3. A record-keeper shall maintain a record setting out:
(a) the nature of the records of personal information kept by or on behalf of the record-keeper;
(b) the purpose for which each type of record is kept;
(c) the classes of individuals about whom records are kept;
(d) the period for which each type of record is kept;
(e) the persons who are entitled to have access to personal information contained in the records and the conditions under which they are entitled to have that access; and
(f) the steps that should be taken by persons wishing to obtain access to that information.
4. A record-keeper shall:
(a) make the record maintained under clause 3 of this Principle available for inspection by members of the public; and
(b) give the Commissioner, in the month of June in each year, a copy of the record so maintained.
Principle 6 - Access to records containing personal information
Where a record-keeper has possession or control of a record that contains personal information, the individual concerned shall be entitled to have access to that record, except to the extent that the record-keeper is required or authorised to refuse to provide the individual with access to that record under the applicable provisions of any law of the Commonwealth that provides for access by persons to documents.
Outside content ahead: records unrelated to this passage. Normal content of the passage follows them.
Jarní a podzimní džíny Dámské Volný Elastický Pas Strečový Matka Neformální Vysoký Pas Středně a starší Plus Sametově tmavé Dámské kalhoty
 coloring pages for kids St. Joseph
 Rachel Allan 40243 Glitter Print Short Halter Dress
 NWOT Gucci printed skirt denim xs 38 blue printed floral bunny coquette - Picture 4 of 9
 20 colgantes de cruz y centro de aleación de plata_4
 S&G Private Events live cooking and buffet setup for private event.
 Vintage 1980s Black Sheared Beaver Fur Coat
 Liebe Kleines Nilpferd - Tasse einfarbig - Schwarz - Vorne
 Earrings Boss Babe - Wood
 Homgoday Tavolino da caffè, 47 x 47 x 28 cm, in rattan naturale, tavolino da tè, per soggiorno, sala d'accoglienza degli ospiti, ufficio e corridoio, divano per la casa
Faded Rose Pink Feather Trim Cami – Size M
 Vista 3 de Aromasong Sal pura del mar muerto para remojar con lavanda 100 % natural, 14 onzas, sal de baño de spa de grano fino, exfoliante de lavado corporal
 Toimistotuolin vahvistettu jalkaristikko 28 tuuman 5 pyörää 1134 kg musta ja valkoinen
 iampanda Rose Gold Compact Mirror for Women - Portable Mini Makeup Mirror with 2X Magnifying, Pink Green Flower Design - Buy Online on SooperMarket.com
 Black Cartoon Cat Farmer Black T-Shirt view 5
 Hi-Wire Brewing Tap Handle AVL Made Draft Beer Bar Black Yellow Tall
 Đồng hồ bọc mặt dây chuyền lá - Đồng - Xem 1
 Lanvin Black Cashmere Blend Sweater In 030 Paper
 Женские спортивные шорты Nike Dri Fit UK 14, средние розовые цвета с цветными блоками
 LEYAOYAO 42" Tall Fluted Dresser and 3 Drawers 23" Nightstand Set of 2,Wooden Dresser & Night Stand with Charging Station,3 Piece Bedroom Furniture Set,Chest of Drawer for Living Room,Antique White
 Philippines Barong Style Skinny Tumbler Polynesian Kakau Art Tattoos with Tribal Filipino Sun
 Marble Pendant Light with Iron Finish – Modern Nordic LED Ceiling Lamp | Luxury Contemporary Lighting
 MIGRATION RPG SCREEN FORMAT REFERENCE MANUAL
Principle 7 - Alteration of records containing personal information
1. A record-keeper who has possession or control of a record that contains personal information shall take such steps (if any), by way of making appropriate corrections, deletions and additions as are, in the circumstances, reasonable to ensure that the record:
(a) is accurate; and
(b) is, having regard to the purpose for which the information was collected or is to be used and to any purpose that is directly related to that purpose, relevant, up to date, complete and not misleading.
2. The obligation imposed on a record-keeper by clause 1 is subject to any applicable limitation in a law of the Commonwealth that provides a right to require the correction or amendment of documents.
3. Where:
(a) the record-keeper of a record containing personal information is not willing to amend that record, by making a correction, deletion or addition, in accordance with a request by the individual concerned; and
(b) no decision or recommendation to the effect that the record should be amended wholly or partly in accordance with that request has been made under the applicable provisions of a law of the Commonwealth;
the record-keeper shall, if so requested by the individual concerned, take such steps (if any) as are reasonable in the circumstances to attach to the record any statement provided by that individual of the correction, deletion or addition sought.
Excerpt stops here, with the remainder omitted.